Earlier this week, Brian McLaughlin posted a piece questioning North Dakota State’s invincibility. Leading up to this weekend’s FCS kickoff, we’re going to feature a few of the teams who might be the David to NDSU’s Goliath. Yesterday I profiled the South Dakota State Jackrabbits, a team that got close. Today, we move on to another contender – this one outside the conference.
Imagine tripping just before the finish line during an Olympic marathon, your opponent suddenly claims the gold medal you thought was yours.
Imagine your picturesque wedding day, a year of planning and hard work, ruined by thundershowers just as your glowing bride makes her entrance.
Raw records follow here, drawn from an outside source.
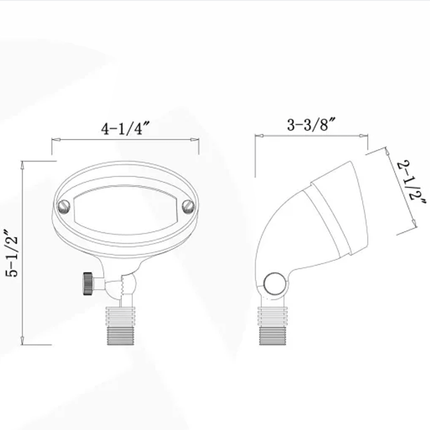 Brass Oval LED Directional Flood Light Outdoor Adjustable Flood Light TriadCommerceInc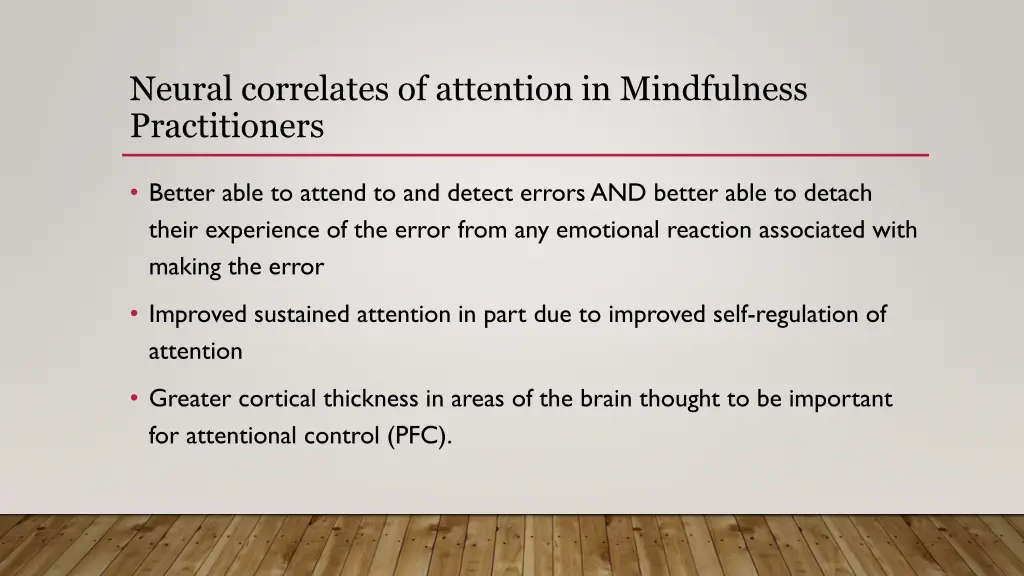 neural correlates of attention in mindfulness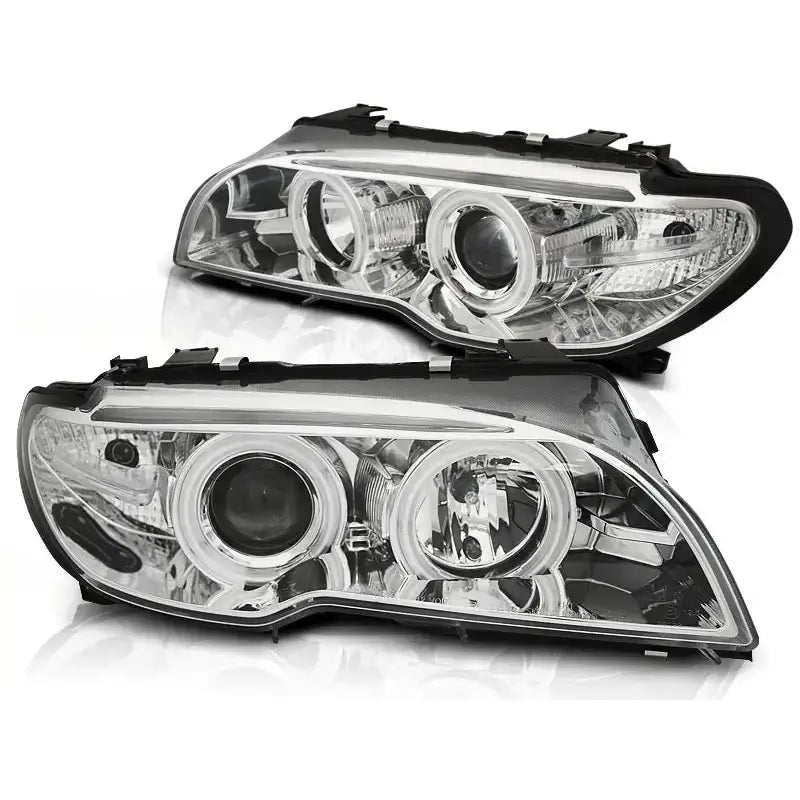 Frontlykter Bmw E46 04.03-06 Coupe / Cabrio Angel Eyes Ccfl Chrome - 2
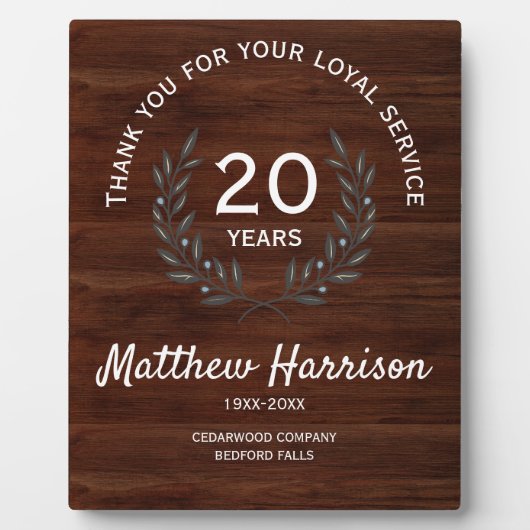 Plaque Photo Loyal Long Service Appreciation Award. Personalize (Devant)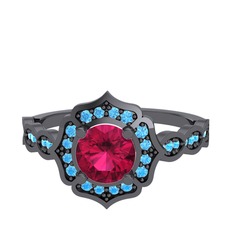 Rodolit garnet ve akuamarin 925 ayar siyah rodyum kaplama gümüş yüzük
This is how the top-seeded New Hampshire Wildcats must have felt in last year’s FCS semifinal against Illinois State, when they took a 18-6 lead into the fourth quarter at home only to let it all slip away to a 15-point rally.
Can head coach Sean McDonnell – who also led the New Hampshire Wildcats to a semifinal appearance in 2013 – rally a squad that lost a ton of talent to graduation?
If McDonnell’s boys are going to repeat last year’s impressive 12-2 mark (8-0 in the CAA) and challenge the class of the FCS in North Dakota State, quarterback Sean Goldrich has to play lights-out during his senior year.
The big 6-foot-3, 205-pounder threw for over 2,000 yards for the second straight season, including 16 touchdowns to just six interceptions. He also upped his completion percentage from his sophomore year from 59.8 to 63.7 percent.
The biggest concern for the Wildcats’ offense isn’t Goldrich’s arm, but rather who he’ll hand off to when he doesn’t pass. The team’s top three rushers from 2014 are all gone. Dalton Crossan looks to be the squad’s main guy if he can stay healthy. The junior missed most of spring ball after a leg injury – the one that forced him to sit out eight games a year ago – continued to plague him.
If Crossan can’t go, Donald Goodrich – who ran for 192 yards and a pair of scores last year – and fellow sophomore Trevon Bryant are sure to get their fair share of looks.
Talking to FCS Football News this offseason, McDonnell commented, “Donnie ran the ball real well. He’s had a hell of a spring. He’s put himself in the picture at the position. I feel really good about him and Bryant, and the way they practiced this spring. I think with those three guys we’ll be pretty good. Will we get the production we got last year at the position? Time will tell.”
The defensive side of the ball was solid last year outside an opening-weekend shelling against Toledo. They surrendered 54 points to the Rockets, and then the Wildcats ripped off 12 wins in a row thanks to an opportunistic defense that led the conference with 39 sacks and held opponents to 20 or fewer points on eight occasions.
The captain of this defensive ship is once again linebacker Akil Anderson, who led the squad with 82 tackles (45 solo) while also registering eight tackles for a loss, a sack, an interception, and a forced fumble. He’ll have to help shoulder the burden left behind after the graduation of Shane McNeely who was second on the defense with 75 tackles (42 solo).
One spot the Wildcats must improve is in the kicking game. Three different placekickers connected for an underwhelming 7-of-13 field goals and only a pair of tries from over 30 yards split the uprights the entire season.
New Hampshire hits the road for the first three weeks of the season and will play more road games (six) than home contests (five). They won’t have to face two of the CAA’s best in Villanova and James Madison, and they get the Richmond Spiders at home. Their only FBS matchup of the season against San Jose State in week 1 is one to keep an eye on. The Spartans won only a trio of games last season and were mired in shaky quarterback play throughout the year. If the Wildcats can control the clock with their new ground attack, combined with timely throws from Goldrich, the Wildcats could find themselves as the first FCS squad to knock off an FBS opponent in 2015.